После того как меня представили князю и я почтительно поклонился Бетховену, он поставил партитуру на пюпитр перед княгиней, и прослушивание началось.
Два первых акта – я в них не участвовал – были исполнены полностью, от первой до последней ноты. Многие слушатели, взглянув на часы, атаковали Бетховена просьбами сократить все, что не имеет первостепенного значения. Но он защищал каждый такт и делал это столь величественно, с таким достоинством, присущим только истинному художнику, что я готов был броситься к его ногам.
Когда же дошли до главного – до сокращений экспозиции и возможного слияния двух первых актов в один, – Бетховен вышел из себя.
– Ни единой ноты! – вскричал он.
Он хотел забрать партитуру и убежать. Но княгиня, молитвенно сложив руки, прижала локтями доверенную ей святыню и с неописуемой кротостью взглянула на разгневанного гения. И гнев его мигом растаял.

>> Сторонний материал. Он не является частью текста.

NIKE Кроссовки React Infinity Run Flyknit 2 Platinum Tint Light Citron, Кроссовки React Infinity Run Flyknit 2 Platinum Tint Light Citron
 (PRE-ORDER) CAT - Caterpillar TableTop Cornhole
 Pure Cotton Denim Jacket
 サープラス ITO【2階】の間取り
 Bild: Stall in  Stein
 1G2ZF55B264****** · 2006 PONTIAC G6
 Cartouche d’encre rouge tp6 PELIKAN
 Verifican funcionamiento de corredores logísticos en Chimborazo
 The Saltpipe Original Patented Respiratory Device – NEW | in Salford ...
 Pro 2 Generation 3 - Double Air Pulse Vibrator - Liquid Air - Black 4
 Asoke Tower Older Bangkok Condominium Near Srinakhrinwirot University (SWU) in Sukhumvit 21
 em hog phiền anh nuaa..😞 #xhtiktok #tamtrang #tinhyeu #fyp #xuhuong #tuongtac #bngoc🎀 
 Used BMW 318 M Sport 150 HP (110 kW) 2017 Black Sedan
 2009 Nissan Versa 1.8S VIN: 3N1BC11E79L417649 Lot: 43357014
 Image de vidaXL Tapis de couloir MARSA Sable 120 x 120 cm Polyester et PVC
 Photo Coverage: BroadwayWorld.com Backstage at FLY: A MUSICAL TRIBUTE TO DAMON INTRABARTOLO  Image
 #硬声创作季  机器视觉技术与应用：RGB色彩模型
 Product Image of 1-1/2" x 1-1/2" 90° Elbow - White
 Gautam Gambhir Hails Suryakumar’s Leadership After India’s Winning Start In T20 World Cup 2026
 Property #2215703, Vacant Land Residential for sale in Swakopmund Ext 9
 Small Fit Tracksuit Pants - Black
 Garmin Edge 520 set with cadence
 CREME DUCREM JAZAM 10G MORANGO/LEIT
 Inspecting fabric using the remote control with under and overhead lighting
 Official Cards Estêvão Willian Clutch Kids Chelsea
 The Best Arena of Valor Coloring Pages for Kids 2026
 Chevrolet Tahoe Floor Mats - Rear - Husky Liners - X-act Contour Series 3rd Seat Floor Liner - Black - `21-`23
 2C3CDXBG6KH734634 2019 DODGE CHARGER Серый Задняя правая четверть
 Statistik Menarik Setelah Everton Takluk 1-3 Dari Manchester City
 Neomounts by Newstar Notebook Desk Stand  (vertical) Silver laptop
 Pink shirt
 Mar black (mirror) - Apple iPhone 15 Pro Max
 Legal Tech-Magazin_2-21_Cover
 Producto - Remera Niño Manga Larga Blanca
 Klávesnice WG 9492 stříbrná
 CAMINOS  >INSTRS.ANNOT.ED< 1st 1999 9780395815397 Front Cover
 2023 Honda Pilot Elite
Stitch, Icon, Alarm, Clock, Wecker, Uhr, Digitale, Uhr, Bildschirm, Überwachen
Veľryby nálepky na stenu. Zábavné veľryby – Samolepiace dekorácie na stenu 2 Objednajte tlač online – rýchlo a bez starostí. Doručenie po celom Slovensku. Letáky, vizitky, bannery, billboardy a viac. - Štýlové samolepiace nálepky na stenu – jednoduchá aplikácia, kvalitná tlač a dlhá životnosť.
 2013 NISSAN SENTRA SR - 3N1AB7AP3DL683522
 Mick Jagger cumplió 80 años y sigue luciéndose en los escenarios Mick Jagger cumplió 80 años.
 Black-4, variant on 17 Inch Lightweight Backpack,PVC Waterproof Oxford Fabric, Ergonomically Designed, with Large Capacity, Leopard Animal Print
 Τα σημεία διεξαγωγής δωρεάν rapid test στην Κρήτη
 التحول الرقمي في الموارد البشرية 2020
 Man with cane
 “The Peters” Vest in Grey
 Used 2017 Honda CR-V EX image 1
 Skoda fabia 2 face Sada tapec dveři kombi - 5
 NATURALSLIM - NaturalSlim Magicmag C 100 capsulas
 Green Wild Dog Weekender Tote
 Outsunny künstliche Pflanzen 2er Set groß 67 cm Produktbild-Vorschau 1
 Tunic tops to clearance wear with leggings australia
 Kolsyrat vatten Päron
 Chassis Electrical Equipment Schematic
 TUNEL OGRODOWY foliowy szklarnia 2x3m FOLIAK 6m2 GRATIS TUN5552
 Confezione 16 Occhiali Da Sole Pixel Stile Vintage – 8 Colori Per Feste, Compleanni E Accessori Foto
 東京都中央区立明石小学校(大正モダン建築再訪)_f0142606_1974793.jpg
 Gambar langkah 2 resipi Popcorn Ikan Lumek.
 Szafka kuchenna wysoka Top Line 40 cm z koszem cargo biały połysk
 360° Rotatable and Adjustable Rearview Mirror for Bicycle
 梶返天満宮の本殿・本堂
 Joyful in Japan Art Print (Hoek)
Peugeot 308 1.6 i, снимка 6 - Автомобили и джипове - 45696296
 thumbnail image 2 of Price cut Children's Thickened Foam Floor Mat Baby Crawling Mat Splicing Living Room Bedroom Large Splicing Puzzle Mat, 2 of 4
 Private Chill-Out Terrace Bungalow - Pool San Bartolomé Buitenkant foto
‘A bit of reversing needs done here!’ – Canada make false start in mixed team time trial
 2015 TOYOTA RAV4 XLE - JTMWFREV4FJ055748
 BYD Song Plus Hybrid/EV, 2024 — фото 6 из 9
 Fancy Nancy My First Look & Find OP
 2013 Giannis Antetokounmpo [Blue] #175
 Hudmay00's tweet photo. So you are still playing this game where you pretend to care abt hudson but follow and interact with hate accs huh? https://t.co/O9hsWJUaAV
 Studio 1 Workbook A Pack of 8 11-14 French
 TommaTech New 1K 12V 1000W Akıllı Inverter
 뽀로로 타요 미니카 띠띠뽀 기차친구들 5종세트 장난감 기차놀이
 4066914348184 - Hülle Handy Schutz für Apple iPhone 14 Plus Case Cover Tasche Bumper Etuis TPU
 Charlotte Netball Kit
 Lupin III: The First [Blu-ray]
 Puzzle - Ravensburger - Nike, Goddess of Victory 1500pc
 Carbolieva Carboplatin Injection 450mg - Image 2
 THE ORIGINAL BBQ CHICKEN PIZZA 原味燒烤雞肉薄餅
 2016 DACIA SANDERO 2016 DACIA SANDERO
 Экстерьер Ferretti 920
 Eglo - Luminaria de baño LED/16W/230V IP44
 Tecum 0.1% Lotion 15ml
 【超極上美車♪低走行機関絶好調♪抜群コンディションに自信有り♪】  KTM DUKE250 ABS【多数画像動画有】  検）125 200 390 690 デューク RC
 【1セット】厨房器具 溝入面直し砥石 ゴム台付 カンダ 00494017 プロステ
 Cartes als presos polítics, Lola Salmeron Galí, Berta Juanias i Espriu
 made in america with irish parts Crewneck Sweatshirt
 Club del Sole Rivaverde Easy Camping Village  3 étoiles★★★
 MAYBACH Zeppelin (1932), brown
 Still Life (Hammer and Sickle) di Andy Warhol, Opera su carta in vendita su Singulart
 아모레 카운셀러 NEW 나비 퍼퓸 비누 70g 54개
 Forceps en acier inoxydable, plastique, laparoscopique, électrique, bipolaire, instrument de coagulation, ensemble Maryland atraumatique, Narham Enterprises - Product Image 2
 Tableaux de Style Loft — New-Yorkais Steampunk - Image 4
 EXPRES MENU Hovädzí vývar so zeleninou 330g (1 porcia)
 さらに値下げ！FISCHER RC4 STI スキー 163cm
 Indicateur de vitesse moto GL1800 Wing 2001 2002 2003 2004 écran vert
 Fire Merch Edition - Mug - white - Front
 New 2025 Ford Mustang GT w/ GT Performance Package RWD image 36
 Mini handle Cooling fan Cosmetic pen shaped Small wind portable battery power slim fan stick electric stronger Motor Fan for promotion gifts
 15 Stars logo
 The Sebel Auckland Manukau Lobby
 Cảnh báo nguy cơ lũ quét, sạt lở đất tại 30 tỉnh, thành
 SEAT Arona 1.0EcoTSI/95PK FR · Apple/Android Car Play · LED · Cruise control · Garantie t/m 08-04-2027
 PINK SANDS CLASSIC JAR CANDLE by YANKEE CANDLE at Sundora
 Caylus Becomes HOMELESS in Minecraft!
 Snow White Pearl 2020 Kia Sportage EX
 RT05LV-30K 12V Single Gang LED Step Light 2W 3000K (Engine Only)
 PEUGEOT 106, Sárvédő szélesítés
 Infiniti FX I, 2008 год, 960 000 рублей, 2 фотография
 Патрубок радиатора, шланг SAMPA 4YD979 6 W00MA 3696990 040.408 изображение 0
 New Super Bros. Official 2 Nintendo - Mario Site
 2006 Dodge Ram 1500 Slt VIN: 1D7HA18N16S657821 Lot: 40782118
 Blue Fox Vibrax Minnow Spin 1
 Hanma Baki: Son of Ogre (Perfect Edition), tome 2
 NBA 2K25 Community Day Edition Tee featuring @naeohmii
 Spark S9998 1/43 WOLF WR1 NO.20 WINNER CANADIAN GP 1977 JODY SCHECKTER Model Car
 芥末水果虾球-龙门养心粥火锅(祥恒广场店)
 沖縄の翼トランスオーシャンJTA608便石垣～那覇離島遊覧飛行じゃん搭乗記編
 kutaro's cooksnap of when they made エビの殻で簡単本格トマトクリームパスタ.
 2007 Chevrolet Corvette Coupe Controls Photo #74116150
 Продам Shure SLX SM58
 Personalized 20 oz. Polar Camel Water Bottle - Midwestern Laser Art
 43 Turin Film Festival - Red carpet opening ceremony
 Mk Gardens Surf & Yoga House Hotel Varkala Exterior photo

Бетховен занял свое прежнее место, княгиня распорядилась продолжить прослушивание и сыграла вступление к моей большой арии «В дни моей весны». Тогда я попросил у Бетховена ноты партии, но мой незадачливый предшественник, несмотря на неоднократные требования, так и не отдал их. Поэтому мне пришлось петь по партитуре, стоявшей на рояле перед княгиней.